Re: A true story of a crash.

Joel Jaeggli (joelja@darkwing.uoregon.edu)
Sat, 15 Aug 1998 22:09:30 -0700 (PDT)


On Sun, 16 Aug 1998, Albert D. Cahalan wrote:

> Matt Agler writes:
> > On Sat, 15 Aug 1998, Albert D. Cahalan wrote:
>
> >> How do you _not_ let every last page get used? The first obvious
> >> problem is overcommit, which you'd have to disable.
> >
> > No. When you hit 90% (or whatever, make it configurable) utilization of
> > swap, you set a flag. The kernel is overcommitted all over the place, but
>
> That is useful on a large enough machine. The 90% rule needs to
> be a 2 MB rule, and small machines just don't have the spare memory.
>
> I like it, but don't see it as a replacement for the process killer.
> It won't save you from daemons gone wild, many of which will be
> restarted if the kernel kills them. It also won't help a tiny machine
> or a machine with the admin on vacation.

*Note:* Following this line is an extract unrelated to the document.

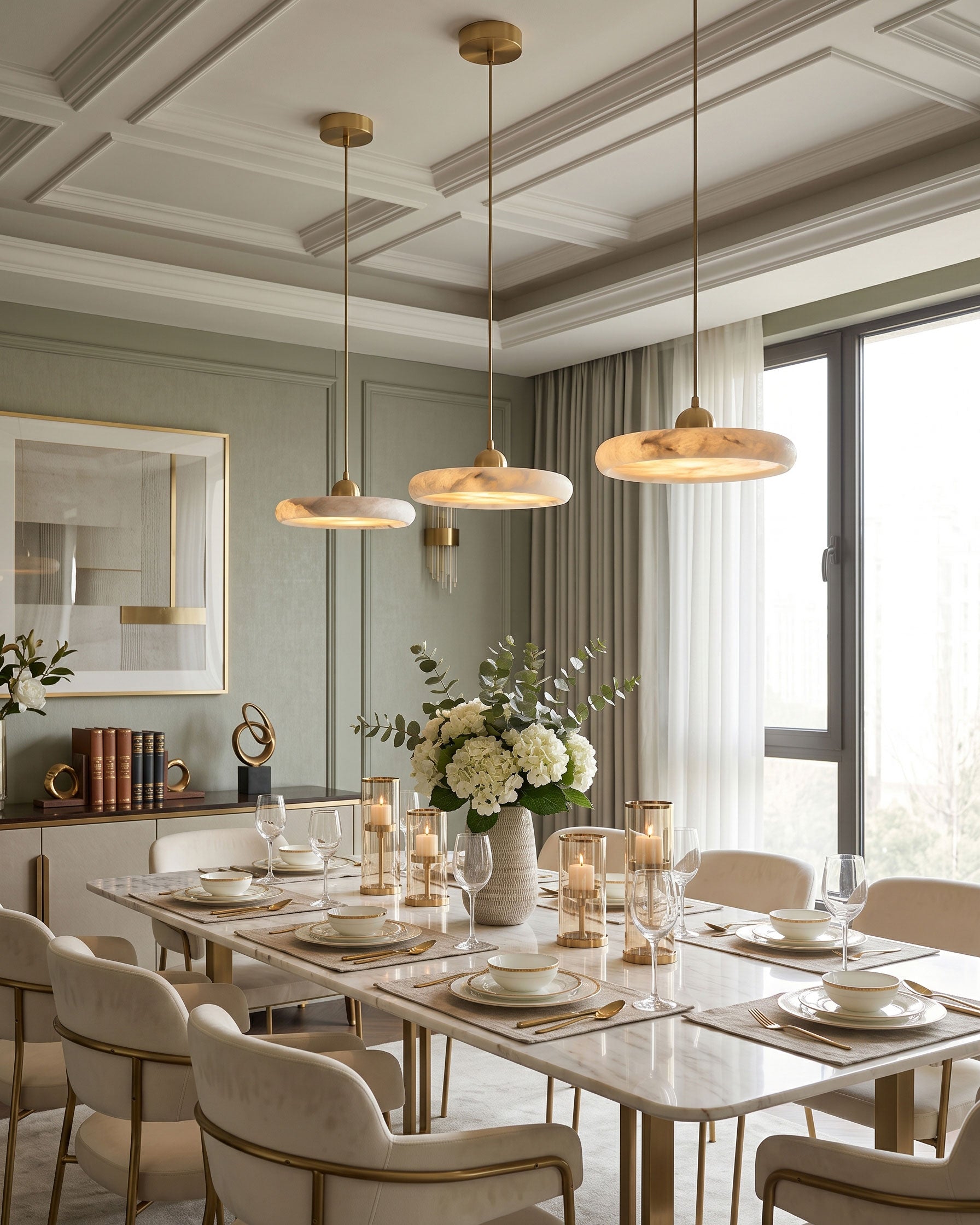 Inigo Slim Alabaster Pendelleuchte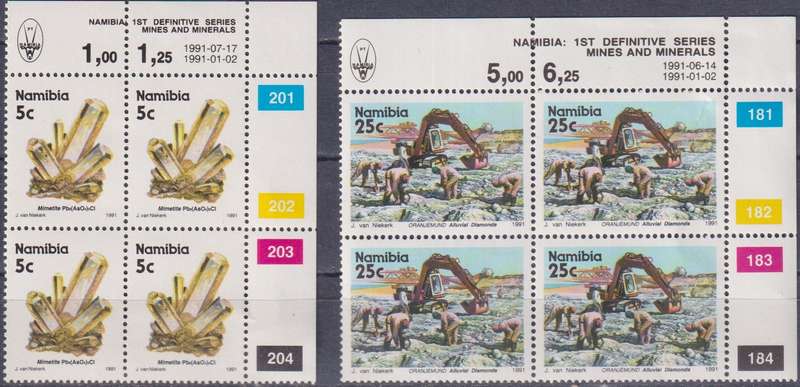 Stamps Control Blocks Namibia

I agree, On my work machines, if they start running out of swap it's
generally a sign that something is seriously wrong with the machine when
it's gone through 128 or 256 mb of ram and 256 or 384mb of swap radical
action that doesn't involve adding more swap is required to deal with the
issue.

As you say, When things get really out of hand, the idea should be to make
it come back as gracefully as possible not bandaid it until it tips over
for good. beyond a certain point adding more swap is just asking for
things to get slower and slower. The dynamically growing swapfile is win95
is a particularly good example of this. It will keep growing swap until
you either run out of disk space, get sick of it grinding and reboot or
kill a bunch of apps. Generally if you manage to keep a windows box
running for a couple of weeks you end up rebooting it because the swapfile
has become so huge.

> How about the following steps, in order?
>
> 1. optional SIGWARN, or whatever it is AIX sends
> 2. optional removal from scheduler
> 3. optional (highly recommended) process killer
> 4. mandatory oops, kill everything, and reboot

switching runlevels to single user and then coming back might suffice,
checking memory and scanning for, and resetting scsi devices takes a not
insignificant amount of time on a number of bigger machines.

> For the SIGWARN, glibc could return freed memory to the OS.
> (would need to be disabled for init and other critical things)
>
> The process killer alone is simple though, and already written.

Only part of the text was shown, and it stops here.